Information –
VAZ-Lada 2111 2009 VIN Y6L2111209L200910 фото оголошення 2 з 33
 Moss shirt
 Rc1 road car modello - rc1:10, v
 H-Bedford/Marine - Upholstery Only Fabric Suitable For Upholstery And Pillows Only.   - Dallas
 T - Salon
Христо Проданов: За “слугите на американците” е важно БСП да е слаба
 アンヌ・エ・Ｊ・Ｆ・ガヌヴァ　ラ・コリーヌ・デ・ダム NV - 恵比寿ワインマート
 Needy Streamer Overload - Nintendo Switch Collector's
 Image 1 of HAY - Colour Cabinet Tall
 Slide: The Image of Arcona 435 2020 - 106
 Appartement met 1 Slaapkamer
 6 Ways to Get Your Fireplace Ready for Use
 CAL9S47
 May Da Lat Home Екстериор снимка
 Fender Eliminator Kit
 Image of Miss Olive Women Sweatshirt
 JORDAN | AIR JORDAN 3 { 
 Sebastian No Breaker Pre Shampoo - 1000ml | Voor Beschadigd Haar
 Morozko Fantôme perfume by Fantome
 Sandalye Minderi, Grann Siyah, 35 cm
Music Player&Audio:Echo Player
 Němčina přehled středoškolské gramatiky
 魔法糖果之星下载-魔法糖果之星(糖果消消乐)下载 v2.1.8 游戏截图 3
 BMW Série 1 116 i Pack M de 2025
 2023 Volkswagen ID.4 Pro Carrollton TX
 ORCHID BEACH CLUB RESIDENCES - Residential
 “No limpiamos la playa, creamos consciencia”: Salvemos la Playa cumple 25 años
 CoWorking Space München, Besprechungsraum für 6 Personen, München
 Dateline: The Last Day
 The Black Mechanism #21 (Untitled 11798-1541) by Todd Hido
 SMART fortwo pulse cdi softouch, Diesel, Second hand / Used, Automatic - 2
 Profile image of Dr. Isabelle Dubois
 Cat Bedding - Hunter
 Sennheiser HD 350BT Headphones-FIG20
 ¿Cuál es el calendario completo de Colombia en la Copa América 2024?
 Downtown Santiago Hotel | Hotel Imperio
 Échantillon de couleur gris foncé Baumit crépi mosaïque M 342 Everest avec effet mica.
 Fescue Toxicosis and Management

What to do –
Give back, unchanged, the run of lines in the listing above that begins at the line containing "Sandalye Minderi, Grann Siyah, 35 cm" and ends at the line containing "Sennheiser HD 350BT Headphones-FIG20", both included.

Written answer –
 Sandalye Minderi, Grann Siyah, 35 cm
Music Player&Audio:Echo Player
 Němčina přehled středoškolské gramatiky
 魔法糖果之星下载-魔法糖果之星(糖果消消乐)下载 v2.1.8 游戏截图 3
 BMW Série 1 116 i Pack M de 2025
 2023 Volkswagen ID.4 Pro Carrollton TX
 ORCHID BEACH CLUB RESIDENCES - Residential
 “No limpiamos la playa, creamos consciencia”: Salvemos la Playa cumple 25 años
 CoWorking Space München, Besprechungsraum für 6 Personen, München
 Dateline: The Last Day
 The Black Mechanism #21 (Untitled 11798-1541) by Todd Hido
 SMART fortwo pulse cdi softouch, Diesel, Second hand / Used, Automatic - 2
 Profile image of Dr. Isabelle Dubois
 Cat Bedding - Hunter
 Sennheiser HD 350BT Headphones-FIG20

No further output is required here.